When you reach the line below that has "Stainless Steel Garden", start returning lines exactly, and stop after the line that has "Thumbnail: Home Refresh"; skip the pictures.
╭──
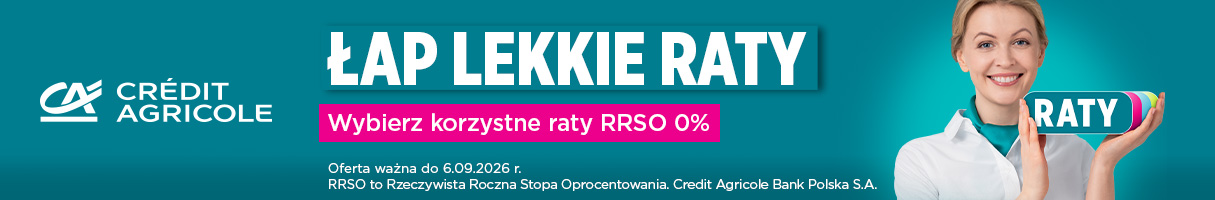 Raty 0%  Credit Agricole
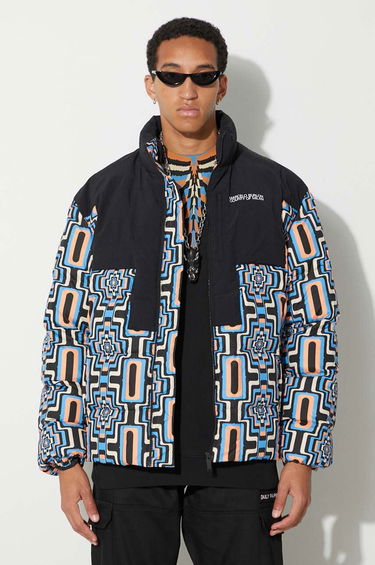 Puffer takki Marcelo Burlon Optical Cross Block Puffer Jacket Musta | CMEJ001F23FAB0023310, 0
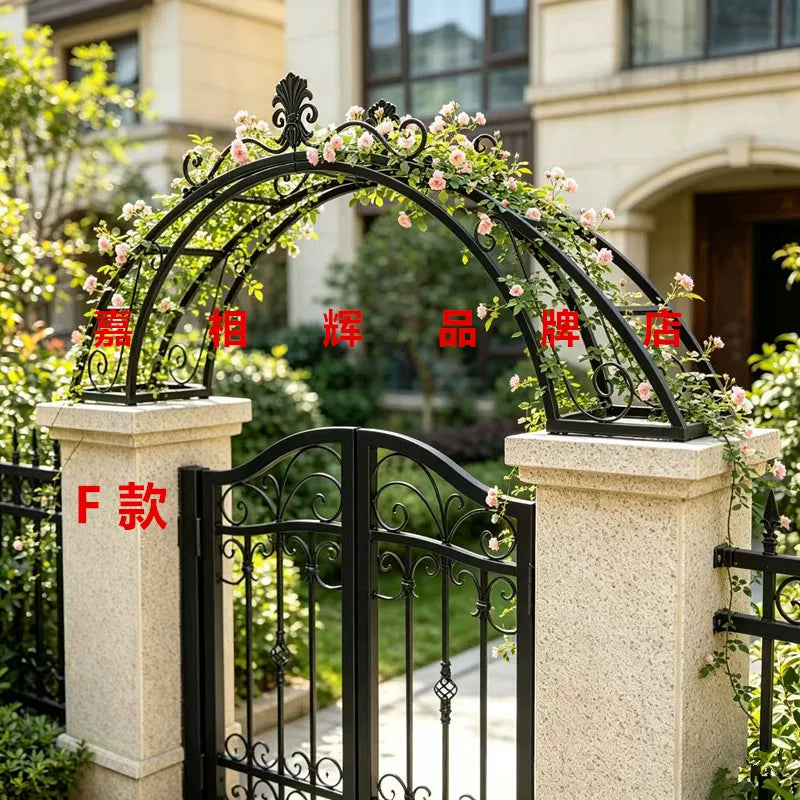 Stainless Steel Garden Arch Trellis for Climbing Plants, Villa Entrance Decor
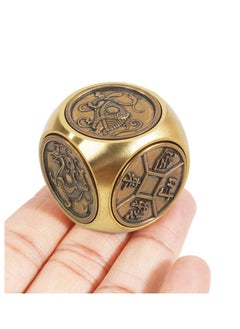 Handheld Metal Fidget Toy for Adults, Stress and Anxiety Relief Fidget Toy，Anti-Anxiety Finger Sensory Toys,Fidget Toy for Adult ADHD Autism-Hexahedral Spinning（Small）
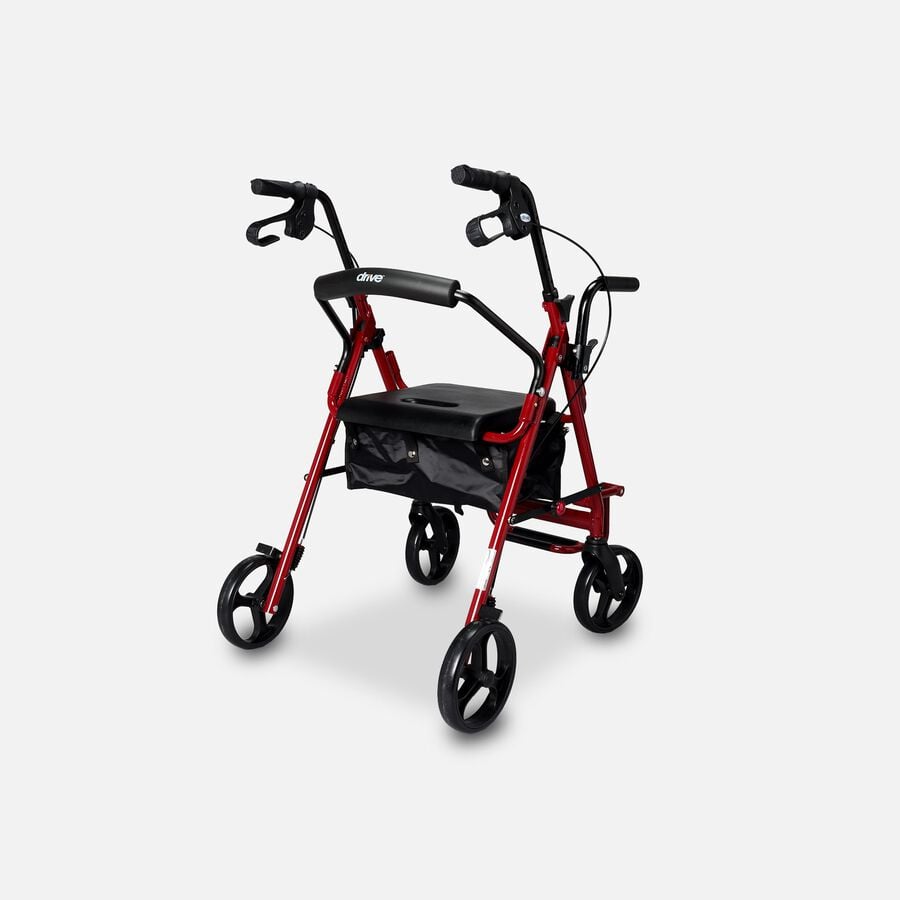 Drive Duet Rollator/Transport Chair, Burgundy
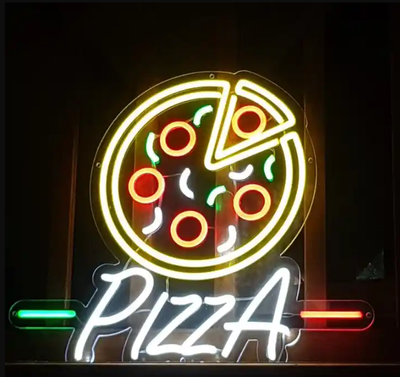 Custom Pizza House Neon Sign Business Logo For Company,Coffee Shop,Office,Store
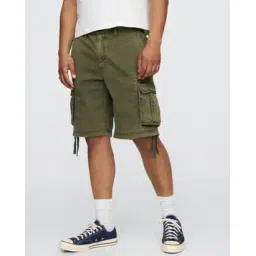 gap Men Baggy Fit Cotton Cargo Shorts-picture-35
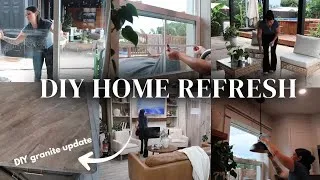 Thumbnail: Home Refresh | DIY Projects, Cleaning & Sunday Reset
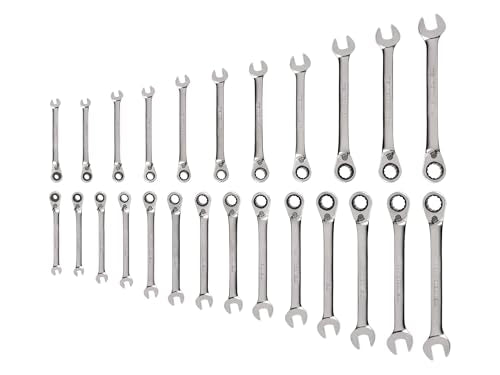 TEKTON Reversible Ratcheting Combination Wrench Set, 25-Piece | WRC94004 - size: 25-Piece (1/4-3/4 in., 6-19 mm), style: No Storage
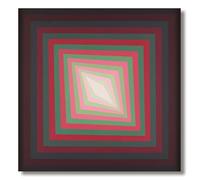 LHHJF LJHFA Affiche Victor Vasarely Optique Abstraite Art Mural Peinture et gravures sur Toile Victor Vasarely Tableau de décoration intérieure Moderne 60x60cmx1 sans Cadre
╰──
## Written response
 Stainless Steel Garden Arch Trellis for Climbing Plants, Villa Entrance Decor
 Handheld Metal Fidget Toy for Adults, Stress and Anxiety Relief Fidget Toy，Anti-Anxiety Finger Sensory Toys,Fidget Toy for Adult ADHD Autism-Hexahedral Spinning（Small）
 Drive Duet Rollator/Transport Chair, Burgundy
 Custom Pizza House Neon Sign Business Logo For Company,Coffee Shop,Office,Store
 gap Men Baggy Fit Cotton Cargo Shorts-picture-35
 Thumbnail: Home Refresh | DIY Projects, Cleaning & Sunday Reset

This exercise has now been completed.